Running pgvector on Amazon Aurora PostgreSQL-Compatible Edition offers a vector store with operational capabilities, high availability, and scalability. It is favored for Retrieval Augmented Generation (RAG) workloads transitioning to production, but increased traffic introduces challenges like query latency and memory management.
Key operational practices for pgvector workloads include selecting the appropriate index type (HNSW or IVFFlat), establishing a baseline schema, choosing a suitable distance operator, scaling the index through quantization and partitioning, and preparing for churn and observability.

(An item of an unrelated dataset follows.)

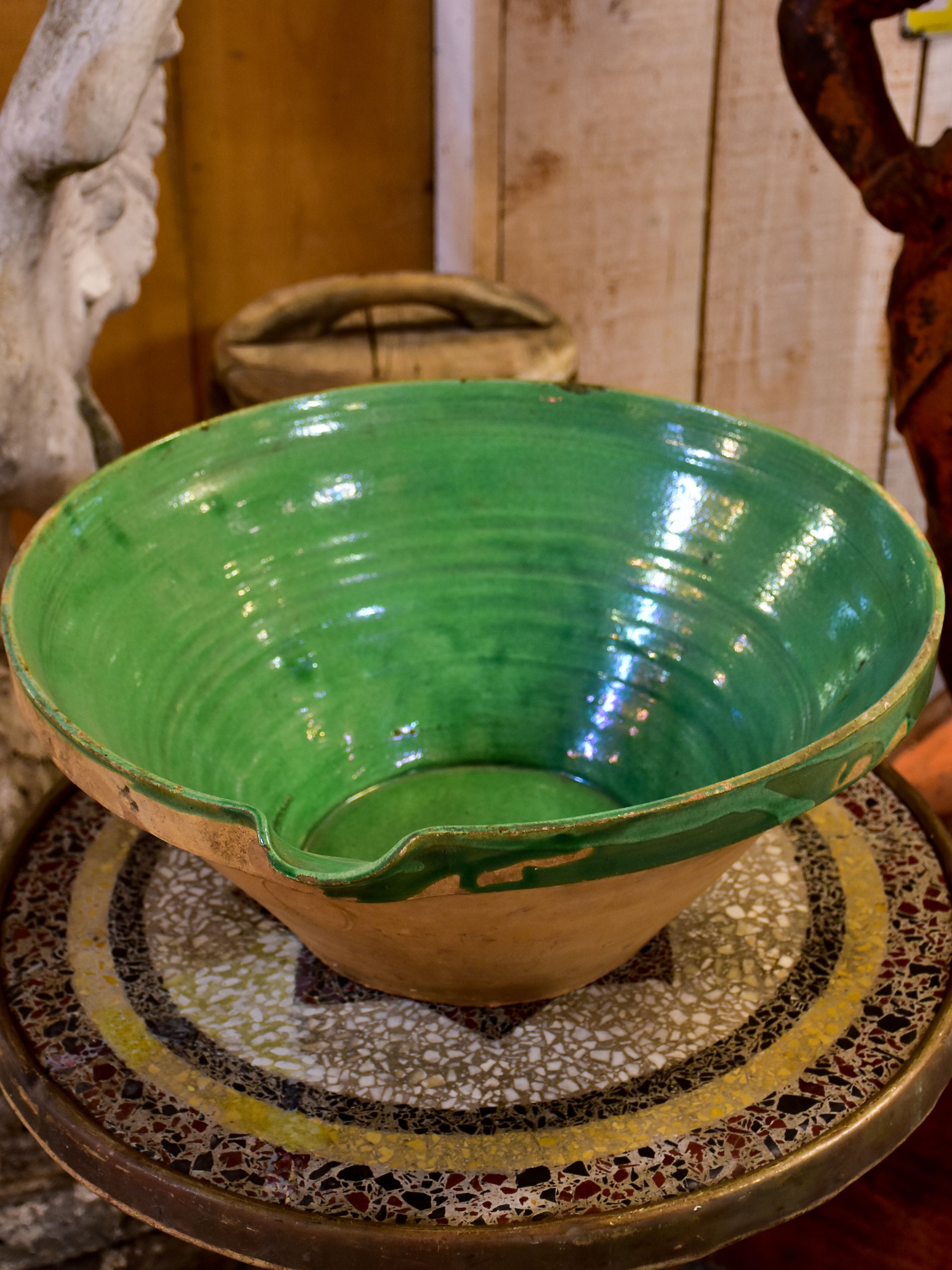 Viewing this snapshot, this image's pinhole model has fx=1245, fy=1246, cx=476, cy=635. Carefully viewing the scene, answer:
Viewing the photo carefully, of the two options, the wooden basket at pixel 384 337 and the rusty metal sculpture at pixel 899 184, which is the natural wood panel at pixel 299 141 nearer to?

The prerequisites for using pgvector include an Aurora PostgreSQL-Compatible cluster with specific PostgreSQL versions and the vector extension enabled. The embedding model used in examples is Amazon Titan Text Embeddings V2, which produces 1024-dimensional embeddings.
pgvector supports two Approximate Nearest Neighbor (ANN) index types: HNSW, which is efficient for querying and allows for incremental insertions, and IVFFlat, which is less resource-intensive but requires rebuilding if data changes. There are scenarios where forgoing an index is beneficial, such as small datasets or partitioned datasets requiring 100% recall.
A baseline schema for a multi-tenant document store includes creating a table for documents with an embedding vector and establishing indexes for tenant IDs and embeddings using HNSW. The recommended parameters for HNSW include m = 16 and ef_construction = 128.
Scaling to millions of vectors involves quantization, tuning HNSW parameters, and partitioning. Aurora Optimized Reads can extend effective cache capacity, and managing index churn is crucial for maintaining performance. Observability metrics include query-level statistics, instance-level metrics, and custom application-defined metrics.
To clean up after testing, it is advisable to drop the created indexes and tables, and delete the Aurora PostgreSQL-Compatible cluster and any manual snapshots taken during testing.